→ ACTION ITEM
Look for "çarptı" in each line of the records, and copy the lines that have it.

→ MATERIAL FOR THE TASK

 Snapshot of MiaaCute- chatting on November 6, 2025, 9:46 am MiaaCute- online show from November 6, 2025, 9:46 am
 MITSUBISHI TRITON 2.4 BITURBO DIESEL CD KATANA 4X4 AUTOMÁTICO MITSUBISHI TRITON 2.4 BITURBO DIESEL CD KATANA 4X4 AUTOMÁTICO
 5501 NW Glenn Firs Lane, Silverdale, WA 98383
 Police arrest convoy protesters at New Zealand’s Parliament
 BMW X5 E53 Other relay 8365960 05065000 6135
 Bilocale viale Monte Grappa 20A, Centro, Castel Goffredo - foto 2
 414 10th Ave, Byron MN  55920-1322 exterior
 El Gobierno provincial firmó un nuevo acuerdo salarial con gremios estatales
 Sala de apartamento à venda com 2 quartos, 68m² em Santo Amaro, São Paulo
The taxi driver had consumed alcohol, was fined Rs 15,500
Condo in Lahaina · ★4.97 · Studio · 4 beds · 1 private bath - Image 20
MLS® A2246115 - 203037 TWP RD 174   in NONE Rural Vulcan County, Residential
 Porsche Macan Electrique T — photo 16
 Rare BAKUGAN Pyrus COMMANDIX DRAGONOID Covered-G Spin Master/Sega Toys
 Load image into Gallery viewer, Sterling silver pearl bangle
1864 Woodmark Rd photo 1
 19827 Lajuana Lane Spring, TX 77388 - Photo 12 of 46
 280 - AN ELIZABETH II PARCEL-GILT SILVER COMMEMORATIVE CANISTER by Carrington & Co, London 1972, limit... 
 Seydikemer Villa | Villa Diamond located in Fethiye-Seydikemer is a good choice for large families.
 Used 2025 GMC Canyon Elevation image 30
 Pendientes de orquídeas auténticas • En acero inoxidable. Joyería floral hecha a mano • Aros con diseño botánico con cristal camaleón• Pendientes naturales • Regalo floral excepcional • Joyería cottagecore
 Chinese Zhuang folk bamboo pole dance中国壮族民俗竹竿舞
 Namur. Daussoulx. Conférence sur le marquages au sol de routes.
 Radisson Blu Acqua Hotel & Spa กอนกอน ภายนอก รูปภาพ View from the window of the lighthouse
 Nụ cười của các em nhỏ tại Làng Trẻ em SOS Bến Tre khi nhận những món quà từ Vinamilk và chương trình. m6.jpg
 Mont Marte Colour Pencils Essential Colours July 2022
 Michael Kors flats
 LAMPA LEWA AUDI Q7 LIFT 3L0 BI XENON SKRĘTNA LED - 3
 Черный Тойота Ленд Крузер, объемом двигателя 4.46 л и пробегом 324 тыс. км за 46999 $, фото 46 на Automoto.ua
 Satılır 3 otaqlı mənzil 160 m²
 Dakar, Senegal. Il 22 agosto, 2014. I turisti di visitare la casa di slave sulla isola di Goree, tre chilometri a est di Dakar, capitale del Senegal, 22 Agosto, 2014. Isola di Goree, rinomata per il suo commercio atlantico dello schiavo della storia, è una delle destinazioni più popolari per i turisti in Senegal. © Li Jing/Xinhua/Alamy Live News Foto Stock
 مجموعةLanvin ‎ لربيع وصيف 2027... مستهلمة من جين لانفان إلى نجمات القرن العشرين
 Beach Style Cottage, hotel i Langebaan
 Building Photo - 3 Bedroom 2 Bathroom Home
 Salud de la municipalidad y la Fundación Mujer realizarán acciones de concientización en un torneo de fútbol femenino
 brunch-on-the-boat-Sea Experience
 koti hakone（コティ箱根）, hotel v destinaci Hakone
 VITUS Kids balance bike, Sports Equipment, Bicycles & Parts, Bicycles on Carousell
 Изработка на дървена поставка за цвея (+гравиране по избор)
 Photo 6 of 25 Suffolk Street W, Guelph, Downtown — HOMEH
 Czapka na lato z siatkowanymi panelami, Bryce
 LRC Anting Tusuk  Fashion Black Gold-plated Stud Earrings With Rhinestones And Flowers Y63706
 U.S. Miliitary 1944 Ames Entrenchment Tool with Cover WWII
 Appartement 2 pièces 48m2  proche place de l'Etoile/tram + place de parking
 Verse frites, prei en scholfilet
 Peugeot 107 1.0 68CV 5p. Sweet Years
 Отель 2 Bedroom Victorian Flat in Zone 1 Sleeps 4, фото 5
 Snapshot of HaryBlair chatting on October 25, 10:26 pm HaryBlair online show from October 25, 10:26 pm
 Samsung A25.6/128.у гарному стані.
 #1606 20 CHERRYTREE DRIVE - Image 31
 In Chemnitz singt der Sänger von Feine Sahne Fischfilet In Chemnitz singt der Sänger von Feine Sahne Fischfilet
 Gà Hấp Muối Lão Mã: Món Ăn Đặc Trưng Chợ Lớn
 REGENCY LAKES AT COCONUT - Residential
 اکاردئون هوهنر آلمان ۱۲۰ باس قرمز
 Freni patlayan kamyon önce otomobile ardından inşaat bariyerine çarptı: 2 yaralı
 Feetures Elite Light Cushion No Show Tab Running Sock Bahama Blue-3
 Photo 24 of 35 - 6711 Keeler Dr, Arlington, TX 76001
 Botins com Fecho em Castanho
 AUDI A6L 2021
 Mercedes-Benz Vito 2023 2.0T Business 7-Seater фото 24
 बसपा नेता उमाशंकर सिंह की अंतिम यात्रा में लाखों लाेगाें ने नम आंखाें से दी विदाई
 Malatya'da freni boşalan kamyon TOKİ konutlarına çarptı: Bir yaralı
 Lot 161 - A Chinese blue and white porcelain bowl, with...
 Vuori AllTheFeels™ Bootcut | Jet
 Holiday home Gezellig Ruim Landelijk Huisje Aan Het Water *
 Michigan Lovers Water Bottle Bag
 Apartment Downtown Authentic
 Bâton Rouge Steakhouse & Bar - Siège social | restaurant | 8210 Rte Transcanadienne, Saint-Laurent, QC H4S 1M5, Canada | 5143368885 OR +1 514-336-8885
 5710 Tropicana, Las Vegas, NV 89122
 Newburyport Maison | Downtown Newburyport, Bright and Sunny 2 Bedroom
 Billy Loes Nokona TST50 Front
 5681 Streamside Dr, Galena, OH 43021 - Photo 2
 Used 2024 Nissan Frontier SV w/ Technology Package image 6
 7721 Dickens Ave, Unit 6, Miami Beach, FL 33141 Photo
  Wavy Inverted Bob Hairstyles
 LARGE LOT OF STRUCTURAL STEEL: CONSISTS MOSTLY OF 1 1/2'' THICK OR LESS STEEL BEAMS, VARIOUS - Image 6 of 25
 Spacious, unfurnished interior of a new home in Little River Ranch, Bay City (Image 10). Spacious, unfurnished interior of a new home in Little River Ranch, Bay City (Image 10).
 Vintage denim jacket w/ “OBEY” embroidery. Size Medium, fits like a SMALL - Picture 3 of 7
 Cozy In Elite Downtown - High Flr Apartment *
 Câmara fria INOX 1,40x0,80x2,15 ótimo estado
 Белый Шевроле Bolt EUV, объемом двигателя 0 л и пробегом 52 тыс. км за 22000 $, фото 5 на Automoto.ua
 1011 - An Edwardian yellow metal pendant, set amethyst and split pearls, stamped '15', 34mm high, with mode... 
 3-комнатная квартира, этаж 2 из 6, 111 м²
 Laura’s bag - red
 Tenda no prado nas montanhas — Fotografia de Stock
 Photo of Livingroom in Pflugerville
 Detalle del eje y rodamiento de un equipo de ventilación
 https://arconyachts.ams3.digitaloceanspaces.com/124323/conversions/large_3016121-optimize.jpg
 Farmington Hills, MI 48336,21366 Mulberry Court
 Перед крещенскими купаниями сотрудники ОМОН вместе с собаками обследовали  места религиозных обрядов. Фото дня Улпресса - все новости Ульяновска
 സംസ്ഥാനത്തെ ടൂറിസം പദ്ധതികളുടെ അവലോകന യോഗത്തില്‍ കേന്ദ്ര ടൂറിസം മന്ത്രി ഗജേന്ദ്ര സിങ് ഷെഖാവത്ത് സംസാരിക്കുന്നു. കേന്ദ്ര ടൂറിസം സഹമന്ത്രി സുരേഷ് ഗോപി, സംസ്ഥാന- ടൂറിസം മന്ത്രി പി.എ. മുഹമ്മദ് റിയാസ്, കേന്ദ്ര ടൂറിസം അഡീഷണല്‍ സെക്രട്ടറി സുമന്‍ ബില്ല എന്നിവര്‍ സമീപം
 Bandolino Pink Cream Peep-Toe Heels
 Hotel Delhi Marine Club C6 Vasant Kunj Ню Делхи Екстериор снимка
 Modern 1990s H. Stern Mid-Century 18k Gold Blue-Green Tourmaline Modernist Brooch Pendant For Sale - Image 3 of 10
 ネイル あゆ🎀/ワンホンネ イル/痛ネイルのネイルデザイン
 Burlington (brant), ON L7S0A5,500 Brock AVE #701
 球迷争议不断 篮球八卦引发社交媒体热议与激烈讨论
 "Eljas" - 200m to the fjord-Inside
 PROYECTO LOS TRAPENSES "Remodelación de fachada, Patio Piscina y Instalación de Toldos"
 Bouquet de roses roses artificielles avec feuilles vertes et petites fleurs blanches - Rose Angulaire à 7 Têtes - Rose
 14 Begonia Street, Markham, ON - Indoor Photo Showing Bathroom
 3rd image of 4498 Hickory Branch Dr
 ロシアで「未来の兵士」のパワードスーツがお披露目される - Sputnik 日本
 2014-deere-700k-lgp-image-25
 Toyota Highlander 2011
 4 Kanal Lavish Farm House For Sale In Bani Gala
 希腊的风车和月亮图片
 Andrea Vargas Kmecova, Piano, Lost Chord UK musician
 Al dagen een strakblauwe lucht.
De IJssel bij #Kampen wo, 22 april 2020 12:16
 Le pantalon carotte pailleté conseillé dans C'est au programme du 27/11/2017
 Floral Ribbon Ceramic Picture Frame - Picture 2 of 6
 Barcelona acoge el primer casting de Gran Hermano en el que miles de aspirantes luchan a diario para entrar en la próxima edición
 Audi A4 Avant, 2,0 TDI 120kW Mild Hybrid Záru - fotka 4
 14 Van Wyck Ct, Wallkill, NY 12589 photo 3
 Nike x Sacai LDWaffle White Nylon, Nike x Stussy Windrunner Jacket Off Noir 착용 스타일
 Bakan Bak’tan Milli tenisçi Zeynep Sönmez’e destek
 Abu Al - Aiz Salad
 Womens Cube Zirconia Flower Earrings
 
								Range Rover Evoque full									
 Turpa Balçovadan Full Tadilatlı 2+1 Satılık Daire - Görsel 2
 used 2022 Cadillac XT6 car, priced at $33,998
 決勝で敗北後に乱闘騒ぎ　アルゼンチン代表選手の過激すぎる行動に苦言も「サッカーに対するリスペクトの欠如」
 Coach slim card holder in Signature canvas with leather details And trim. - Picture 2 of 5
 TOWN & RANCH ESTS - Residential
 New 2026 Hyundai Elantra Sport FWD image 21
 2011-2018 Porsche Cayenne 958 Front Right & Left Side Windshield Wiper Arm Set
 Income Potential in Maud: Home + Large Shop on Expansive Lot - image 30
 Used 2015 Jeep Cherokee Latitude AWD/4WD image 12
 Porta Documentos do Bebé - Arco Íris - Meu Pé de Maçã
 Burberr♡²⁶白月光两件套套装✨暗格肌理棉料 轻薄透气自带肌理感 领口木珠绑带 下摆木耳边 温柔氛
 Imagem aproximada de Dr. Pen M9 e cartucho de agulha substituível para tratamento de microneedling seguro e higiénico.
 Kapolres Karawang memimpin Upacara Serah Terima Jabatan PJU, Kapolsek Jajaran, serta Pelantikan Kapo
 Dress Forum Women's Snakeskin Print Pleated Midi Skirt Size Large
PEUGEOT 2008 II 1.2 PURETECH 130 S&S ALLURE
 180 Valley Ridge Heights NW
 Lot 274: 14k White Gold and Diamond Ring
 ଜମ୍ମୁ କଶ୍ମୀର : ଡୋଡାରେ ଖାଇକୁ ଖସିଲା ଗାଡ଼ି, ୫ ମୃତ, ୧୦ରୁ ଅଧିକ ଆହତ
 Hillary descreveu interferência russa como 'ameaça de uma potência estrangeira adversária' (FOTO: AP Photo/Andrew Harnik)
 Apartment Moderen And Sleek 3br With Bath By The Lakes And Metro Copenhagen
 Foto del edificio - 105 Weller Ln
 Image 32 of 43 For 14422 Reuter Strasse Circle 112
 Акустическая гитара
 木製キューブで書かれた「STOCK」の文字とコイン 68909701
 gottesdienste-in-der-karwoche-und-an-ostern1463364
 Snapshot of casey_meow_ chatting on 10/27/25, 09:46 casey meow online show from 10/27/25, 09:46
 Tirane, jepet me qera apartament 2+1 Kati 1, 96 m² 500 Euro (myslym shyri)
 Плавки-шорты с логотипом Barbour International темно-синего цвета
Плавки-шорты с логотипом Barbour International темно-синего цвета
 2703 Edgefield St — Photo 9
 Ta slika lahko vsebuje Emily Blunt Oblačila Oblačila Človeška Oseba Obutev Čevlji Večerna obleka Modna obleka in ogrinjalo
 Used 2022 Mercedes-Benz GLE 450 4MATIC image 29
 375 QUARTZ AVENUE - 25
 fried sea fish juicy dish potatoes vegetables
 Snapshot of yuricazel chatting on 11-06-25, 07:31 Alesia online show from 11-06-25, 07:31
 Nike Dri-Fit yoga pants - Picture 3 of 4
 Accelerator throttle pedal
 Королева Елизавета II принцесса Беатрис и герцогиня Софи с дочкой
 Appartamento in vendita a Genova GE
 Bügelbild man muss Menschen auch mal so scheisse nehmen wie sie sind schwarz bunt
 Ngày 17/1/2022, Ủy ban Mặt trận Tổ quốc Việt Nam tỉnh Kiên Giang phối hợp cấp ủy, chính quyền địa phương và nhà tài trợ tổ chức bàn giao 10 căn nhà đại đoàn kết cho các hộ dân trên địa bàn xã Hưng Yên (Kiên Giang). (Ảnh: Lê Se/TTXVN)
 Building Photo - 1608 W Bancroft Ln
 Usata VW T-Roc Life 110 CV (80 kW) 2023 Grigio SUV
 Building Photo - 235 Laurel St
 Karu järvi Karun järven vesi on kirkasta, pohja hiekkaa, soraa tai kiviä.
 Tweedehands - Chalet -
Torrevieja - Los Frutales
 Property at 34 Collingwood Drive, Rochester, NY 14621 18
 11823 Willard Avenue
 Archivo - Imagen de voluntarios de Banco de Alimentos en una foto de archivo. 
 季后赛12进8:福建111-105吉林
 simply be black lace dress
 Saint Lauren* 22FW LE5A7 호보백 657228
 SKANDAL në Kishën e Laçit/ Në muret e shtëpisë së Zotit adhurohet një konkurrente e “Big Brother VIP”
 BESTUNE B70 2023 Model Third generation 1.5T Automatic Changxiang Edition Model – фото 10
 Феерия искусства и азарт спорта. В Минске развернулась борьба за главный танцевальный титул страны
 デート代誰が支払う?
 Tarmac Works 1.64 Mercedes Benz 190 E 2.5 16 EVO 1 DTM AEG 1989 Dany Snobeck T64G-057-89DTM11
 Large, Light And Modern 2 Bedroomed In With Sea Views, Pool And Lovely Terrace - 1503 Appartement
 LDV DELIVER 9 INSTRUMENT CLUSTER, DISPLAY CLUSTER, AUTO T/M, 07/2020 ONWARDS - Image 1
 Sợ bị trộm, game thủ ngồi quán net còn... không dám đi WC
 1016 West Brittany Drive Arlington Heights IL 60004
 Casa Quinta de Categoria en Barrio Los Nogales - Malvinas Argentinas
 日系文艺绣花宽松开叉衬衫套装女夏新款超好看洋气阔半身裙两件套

→ RESPONSE AREA
 Freni patlayan kamyon önce otomobile ardından inşaat bariyerine çarptı: 2 yaralı
 Malatya'da freni boşalan kamyon TOKİ konutlarına çarptı: Bir yaralı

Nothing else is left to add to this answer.